Greetings,
I’ve got some code that does fixed indexing into global memory, but
PTX doesn’t like it and won’t build the program. If I do the same
things with indexing into local memory, PTX likes it just fine. Here’s
some example code:
__kernel void test_kernel1( __global float *some_data, __global float cov_matrix[9] )
{
// does not compile
cov_matrix[0] = 0.0f;
cov_matrix[1] = 0.0f;
cov_matrix[2] = 0.0f;
cov_matrix[3] = 0.0f;
cov_matrix[4] = 0.0f;
cov_matrix[5] = 0.0f;
cov_matrix[6] = 0.0f;
cov_matrix[7] = 0.0f;
cov_matrix[8] = 0.0f; // <- compile error here
}
This yields the following message:
But if I try to build this:
__kernel void test_kernel2( __global float *some_data )
{
__local float cov_matrix[9];
// compiles
cov_matrix[0] = 0.0f;
cov_matrix[1] = 0.0f;
cov_matrix[2] = 0.0f;
cov_matrix[3] = 0.0f;
cov_matrix[4] = 0.0f;
cov_matrix[5] = 0.0f;
cov_matrix[6] = 0.0f;
cov_matrix[7] = 0.0f;
cov_matrix[8] = 0.0f;
}
it compiles without any problems.
For the life of me, I can’t figure out what’s causing this.

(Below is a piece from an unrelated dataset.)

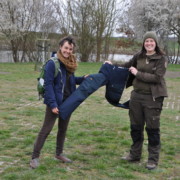 Preisübergabe für: Engagement plus Losglück Zwei Frauen stehen auf einer Wiese mit Fluss im Hintergrund und halten zwischen sich eine blaue Hose.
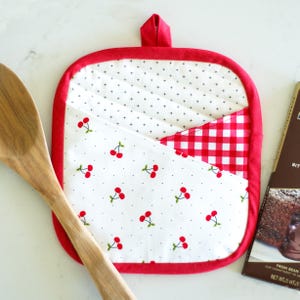 May include: A square, quilted pot holder with a red border and hanging loop. The pot holder features three fabric sections: white with black crosses, white with red cherries, and red and white gingham. A wooden spoon is next to the pot holder.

I’m using
the 190.29 driver on 32-bit 9.10 Ubuntu. Any ideas? BTW, I had tried
to upgrade to the 195.36.15 driver, but it was a disaster on my machine,
so I uninstalled the new driver and reinstalled the old one. There
might be some residual 195.36.15 badness floating around.
Thanks in advance!